ÉTRANGES MURAILLES


Cela pourrait se passer en Grèce, au début des années 80, sur l'île de Lesbos. Une journée de printemps timide, peu avant Pâques. Tout en marchant dans une forêt, je lis des poèmes de Mihàlis Ganas. J'ai trente-trois ans, mon aventure grecque en est à ses premiers pas. Je ne sais pas encore qu'un jour je traduirai, puis éditerai ce petit livre entre mes mains : Μαύρα λιθάρια, Pierres noires en français. C'est la première fois que j'essaie de lire tout un recueil de poésie en grec, je bute sans arrêt sur des mots, je n'ai pas apporté de dictionnaire, chaque poème est une forêt obscure avec ici ou là des trouées de lumière, je pressens des trésors cachés dans cette poésie de Ganas et dans toute la poésie grecque, je comprends confusément que j'entre dans un nouveau royaume et qu'une nouvelle vie commence.

Oui, mais bien avant cela, pendant l'été de 1964, je suis dans un coin de campagne anglaise verte et tranquille, ô combien tranquille, et il pleut. J'ai avec moi L'idiot de Dostoïevski. Pas dans la traduction d'André Markowicz, hélas, elle n'existe pas encore, mais dans une édition du Livre de Poche en deux gros volumes. Pendant six jours je ne fais rien d'autre que lire L'idiot. Jamais je n'ai été autant plongé dans une histoire, hanté par elle, et ne le serai plus jamais. On dit qu'on «dévore un livre», mais non, c'est moi qui suis dévoré. Disons plutôt «avalé» : «dévoré» serait trop violent, s'agissant d'une histoire dont le héros, le prince Mychkine, est un ange de douceur. Ce qui me fascine, plus encore que son auteur, ce romancier génial que je découvre alors, c'est ce personnage de l'Idiot. Il devient aussitôt mon idéal, celui que je voudrais imiter à tout moment de ma vie — avant de me rendre compte, bientôt, que je ne suis pas à la hauteur.

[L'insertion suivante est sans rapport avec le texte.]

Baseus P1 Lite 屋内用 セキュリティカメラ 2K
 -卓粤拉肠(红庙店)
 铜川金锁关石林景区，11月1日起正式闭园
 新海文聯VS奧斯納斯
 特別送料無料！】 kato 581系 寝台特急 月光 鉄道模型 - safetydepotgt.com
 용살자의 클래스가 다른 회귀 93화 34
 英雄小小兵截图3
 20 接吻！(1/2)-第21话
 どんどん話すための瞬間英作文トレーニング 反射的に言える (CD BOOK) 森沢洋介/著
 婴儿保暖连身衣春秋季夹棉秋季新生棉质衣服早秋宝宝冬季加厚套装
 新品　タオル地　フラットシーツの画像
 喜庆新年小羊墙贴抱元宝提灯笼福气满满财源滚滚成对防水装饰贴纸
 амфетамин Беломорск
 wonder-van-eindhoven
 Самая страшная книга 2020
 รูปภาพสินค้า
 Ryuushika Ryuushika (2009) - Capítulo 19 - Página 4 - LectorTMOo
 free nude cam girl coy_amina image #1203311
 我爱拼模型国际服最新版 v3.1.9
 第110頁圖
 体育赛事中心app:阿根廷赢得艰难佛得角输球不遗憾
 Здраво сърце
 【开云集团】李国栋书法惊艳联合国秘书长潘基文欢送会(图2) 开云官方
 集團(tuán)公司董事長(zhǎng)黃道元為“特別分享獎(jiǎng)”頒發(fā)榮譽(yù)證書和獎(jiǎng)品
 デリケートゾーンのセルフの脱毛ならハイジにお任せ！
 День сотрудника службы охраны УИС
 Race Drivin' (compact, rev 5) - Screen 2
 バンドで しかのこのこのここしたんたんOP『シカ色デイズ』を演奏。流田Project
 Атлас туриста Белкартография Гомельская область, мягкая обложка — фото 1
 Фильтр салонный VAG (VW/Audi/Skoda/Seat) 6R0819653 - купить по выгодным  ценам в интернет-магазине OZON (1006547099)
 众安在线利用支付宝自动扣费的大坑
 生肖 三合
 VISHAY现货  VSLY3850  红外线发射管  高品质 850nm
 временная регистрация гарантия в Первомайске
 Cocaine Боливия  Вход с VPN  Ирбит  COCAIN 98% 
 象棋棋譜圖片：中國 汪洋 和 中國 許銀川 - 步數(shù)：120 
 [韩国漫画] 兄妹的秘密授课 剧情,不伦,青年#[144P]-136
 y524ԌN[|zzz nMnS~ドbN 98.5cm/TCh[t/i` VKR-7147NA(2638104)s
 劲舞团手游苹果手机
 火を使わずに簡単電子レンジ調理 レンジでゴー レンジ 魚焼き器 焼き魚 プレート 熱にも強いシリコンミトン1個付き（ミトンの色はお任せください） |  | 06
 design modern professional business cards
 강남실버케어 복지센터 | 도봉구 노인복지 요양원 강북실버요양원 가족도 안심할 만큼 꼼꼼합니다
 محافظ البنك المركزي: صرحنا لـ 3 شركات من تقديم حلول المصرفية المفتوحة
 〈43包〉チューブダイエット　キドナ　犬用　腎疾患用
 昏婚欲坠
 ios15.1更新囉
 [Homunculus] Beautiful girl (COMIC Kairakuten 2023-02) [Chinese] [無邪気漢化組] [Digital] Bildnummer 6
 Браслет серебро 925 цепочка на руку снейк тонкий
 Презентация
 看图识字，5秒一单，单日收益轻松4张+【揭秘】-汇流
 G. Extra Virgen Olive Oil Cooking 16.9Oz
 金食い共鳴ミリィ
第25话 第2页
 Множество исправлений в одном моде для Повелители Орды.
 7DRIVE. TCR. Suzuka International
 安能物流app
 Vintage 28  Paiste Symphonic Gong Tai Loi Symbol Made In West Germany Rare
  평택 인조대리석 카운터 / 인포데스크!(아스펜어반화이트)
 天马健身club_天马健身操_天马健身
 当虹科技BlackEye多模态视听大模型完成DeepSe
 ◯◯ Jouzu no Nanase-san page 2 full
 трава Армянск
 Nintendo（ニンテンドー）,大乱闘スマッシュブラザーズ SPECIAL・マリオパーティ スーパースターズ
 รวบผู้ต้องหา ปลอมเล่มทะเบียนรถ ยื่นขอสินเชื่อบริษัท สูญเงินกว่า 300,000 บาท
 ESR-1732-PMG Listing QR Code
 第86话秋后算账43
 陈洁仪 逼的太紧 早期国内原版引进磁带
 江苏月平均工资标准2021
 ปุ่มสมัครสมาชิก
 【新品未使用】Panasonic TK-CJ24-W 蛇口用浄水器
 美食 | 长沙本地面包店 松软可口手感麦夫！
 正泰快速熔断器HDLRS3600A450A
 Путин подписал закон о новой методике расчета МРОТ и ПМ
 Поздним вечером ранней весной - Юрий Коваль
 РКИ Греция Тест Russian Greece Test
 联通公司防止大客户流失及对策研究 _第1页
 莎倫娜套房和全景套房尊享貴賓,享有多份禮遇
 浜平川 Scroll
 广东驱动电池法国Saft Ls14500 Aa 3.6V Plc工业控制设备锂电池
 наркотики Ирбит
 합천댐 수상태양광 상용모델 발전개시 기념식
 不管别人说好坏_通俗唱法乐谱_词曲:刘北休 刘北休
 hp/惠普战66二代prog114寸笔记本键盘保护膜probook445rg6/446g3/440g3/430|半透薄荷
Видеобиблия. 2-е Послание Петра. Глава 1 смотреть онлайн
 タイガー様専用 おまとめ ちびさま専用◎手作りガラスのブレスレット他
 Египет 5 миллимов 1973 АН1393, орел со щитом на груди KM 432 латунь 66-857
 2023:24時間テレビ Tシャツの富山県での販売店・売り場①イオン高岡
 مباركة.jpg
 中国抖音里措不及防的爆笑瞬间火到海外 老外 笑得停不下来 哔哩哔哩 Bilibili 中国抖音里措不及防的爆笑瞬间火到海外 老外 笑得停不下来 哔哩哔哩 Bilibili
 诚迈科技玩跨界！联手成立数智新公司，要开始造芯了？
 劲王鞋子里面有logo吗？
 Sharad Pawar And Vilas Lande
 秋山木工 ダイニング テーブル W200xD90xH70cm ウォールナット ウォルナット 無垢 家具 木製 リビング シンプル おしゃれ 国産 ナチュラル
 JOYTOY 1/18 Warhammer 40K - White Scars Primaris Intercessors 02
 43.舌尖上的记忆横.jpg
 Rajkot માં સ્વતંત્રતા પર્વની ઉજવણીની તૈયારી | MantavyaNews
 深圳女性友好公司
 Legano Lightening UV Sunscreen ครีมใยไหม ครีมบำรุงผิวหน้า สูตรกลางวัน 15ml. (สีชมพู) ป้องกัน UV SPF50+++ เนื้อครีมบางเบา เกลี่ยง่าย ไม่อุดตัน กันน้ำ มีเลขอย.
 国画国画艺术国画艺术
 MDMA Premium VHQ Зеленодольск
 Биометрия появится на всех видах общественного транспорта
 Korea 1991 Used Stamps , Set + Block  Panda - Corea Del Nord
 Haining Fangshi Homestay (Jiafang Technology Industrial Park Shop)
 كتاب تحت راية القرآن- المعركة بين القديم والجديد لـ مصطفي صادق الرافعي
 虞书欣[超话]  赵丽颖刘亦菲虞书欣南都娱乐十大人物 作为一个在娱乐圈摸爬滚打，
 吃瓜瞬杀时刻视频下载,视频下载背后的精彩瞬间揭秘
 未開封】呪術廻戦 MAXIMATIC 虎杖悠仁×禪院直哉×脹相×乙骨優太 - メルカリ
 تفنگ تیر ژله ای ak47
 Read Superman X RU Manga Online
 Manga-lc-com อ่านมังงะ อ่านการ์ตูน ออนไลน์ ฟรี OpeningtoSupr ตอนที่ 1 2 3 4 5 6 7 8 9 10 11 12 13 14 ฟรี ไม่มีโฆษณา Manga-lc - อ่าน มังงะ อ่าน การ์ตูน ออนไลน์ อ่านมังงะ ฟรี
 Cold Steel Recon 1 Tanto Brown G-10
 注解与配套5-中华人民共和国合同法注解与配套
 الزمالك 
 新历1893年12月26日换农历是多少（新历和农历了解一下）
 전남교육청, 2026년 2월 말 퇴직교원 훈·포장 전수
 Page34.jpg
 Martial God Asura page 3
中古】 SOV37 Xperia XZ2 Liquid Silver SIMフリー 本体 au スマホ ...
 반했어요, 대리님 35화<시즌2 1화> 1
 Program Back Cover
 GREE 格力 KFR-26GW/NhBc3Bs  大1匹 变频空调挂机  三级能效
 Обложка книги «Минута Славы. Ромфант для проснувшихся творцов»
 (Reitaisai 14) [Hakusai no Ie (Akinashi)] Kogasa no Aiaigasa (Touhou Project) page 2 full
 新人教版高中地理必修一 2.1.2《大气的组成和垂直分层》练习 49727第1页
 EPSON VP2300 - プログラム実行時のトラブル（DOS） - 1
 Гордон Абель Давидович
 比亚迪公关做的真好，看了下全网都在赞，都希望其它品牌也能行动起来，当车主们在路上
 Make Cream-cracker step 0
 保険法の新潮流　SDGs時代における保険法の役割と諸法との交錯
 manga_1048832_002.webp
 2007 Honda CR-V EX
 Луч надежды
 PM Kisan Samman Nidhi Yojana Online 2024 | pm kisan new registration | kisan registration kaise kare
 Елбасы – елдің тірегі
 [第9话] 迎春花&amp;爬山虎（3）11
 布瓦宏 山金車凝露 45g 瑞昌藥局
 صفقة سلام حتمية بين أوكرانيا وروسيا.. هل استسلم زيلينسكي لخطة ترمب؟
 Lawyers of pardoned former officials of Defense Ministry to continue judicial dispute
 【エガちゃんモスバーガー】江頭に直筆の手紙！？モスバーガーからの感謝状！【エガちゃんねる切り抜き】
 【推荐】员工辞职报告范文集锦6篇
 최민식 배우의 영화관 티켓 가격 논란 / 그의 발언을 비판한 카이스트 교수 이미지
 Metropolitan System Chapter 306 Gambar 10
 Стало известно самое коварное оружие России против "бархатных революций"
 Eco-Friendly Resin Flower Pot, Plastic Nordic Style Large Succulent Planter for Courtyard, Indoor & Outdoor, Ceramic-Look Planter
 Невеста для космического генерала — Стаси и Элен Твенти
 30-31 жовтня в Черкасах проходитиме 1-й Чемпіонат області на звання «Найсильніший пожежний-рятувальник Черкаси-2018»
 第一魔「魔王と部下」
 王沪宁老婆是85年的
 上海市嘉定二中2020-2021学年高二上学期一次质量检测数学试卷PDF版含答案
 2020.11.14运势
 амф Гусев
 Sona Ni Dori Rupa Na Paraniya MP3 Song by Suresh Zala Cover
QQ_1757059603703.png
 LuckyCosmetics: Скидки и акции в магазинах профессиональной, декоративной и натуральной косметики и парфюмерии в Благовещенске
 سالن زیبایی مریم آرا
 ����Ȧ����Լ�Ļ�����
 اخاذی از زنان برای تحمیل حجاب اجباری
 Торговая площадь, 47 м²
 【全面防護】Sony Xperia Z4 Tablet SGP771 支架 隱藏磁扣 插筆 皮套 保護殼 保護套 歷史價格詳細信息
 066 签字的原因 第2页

Oui, mais la lecture primordiale, aux effets les plus profonds, les plus durables, c'est un peu plus tôt la même année. Pour le Noël de mes seize ans, j'ai reçu un somptueux cadeau : Proust dans la Pléiade, À la recherche du Temps perdu, trois volumes. Ma lecture de L'idiot, ce sera un sprint, disons un 800 mètres échevelé ; avec Proust, je cours un marathon. Pendant six mois, de janvier à juin, je ne lis rien d'autre. Je prends ma dose tous les soirs dans mon lit — longtemps, car je ne me couche plus de bonne heure —, et parfois aussi le matin au réveil, surtout lorsque la veille je me suis endormi, malgré mes efforts héroïques, en relisant une phrase aux ramifications sans fin. Car on doit sans cesse revenir en arrière, aller et venir dans la longue phrase pour tout relier, tout faire tenir ensemble, la lecture n'étant plus simplement ce long fil qu'on déroule, mais une sorte de tissage minutieux. La tâche ne me rebute pas, au contraire. Je suis bouleversé. Phrase après phrase, jour après jour, je découvre le monde. Plus tard, je ne cesserai de penser que j'ai tout appris de la vie dans le livre de cet homme dont la vie fut si étroite et médiocre. Je ne m'identifie à aucun de ses personnages, ni même au Narrateur adolescent, mais en même temps l'auteur m'est proche comme un frère. Quand je lirai M. de Balzac plus tard, je ferai partie d'un cercle d'auditeurs admiratifs face auxquels le grand homme pérore ; lisant Georges Perec, dont la moindre virgule déclenche désormais une thèse de doctorat, je me sentirai de plus en plus gêné, étouffé au milieu de cette foule savante, mais chez Proust, dont l'œuvre est pourtant l'une des plus cruellement noyées sous des déluges de commentaires, le petit lecteur de seize ans oublie tout, et le vieil homme de même, bien plus tard : Proust me parle à moi seul, à mi-voix, il a écrit tout cela rien que pour moi.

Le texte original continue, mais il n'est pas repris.